The patient is then immediately turned onto their left side. The 22 seconds, taken for the agent to reach the stomach allow one or two peristaltic contractions to replace barium suspension with gas in the duodenum before the stomach and duodenum relax. Double contrast views of the pyloric antrum and duodenum are then taken with varying degrees of rotation. The patient is then asked to turn through a full circle to recoat the mucosa with barium suspension. The patient ends up supine.
The table is tilted head down with the patient grasping a handle. They are asked to turn obliquely to the right, raising their left side from the table. The position and the effort involved seem a fair test for gastro-oesophageal reflux. This position gives another view of the greater curvature. Drinking or swallowing in this position can precipitate gastro-oesophageal reflux. If you are unconvinced by a normal result, then get the standing patient to bend over to pick up something at the end of the examination. This reproduces the usual situation that patients complain of and you may see the reflux.
The table is brought horizontal and the patient is then turned onto their left side. This fills the fundus. The table is then tilted head down and the patient made to turn semi-prone. While gaining this position, there will be another chance to check for gastro-oesophageal reflux. This semi-prone oblique head down position fills the pyloric antrum and duodenum with air. The projection frequently gives a good tangential view of the more anterior parts of the stomach.
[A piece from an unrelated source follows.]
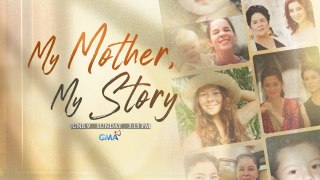 My Mother, My Story: Andi Eigenmann | Episode 2 Teaser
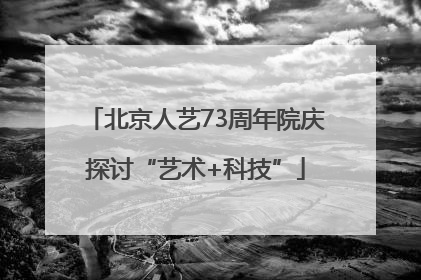北京人艺73周年院庆探讨“艺术+科技”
It`s worth remembering that half of the mucosa of the stomach lies at the front. The appearance of the mucosal coating depends on whether it is dependent or not. Hanging drops will allow you to identify those features that lie on the anterior surface.
The examination can be completed with an erect view. The fundus is gas filled and the distensibility and flexibility of the stomach can be assessed. The view may also display any resting juice, often a clue to excess acid secretion.
Note: This sequence is designed to be taken smoothly and fairly rapidly. Good imaging usually depends on the patient being able to understand what is happening. If the examination is delayed at any stage, then the order of the views and medication may need changing. The point of the examination is to display an adequately distended viscus, free of confusion from overlying densities.

If the symptoms refer to dyphagia in the throat or pharynx, a separate set of images of this area can be taken at the end of the Barium-Meal examination. Don't rely on fluoroscopy to exclude the transient defect of a pharyngeal web, unless you can step through the individual frames in a recording. Double-contrast views can be obtained by oblique projection of each side of the pharynx and pyriform fossae when the patient tries to breath out, while holding the nose and closing the mouth. The cheeks are distended like those of a trumpeter.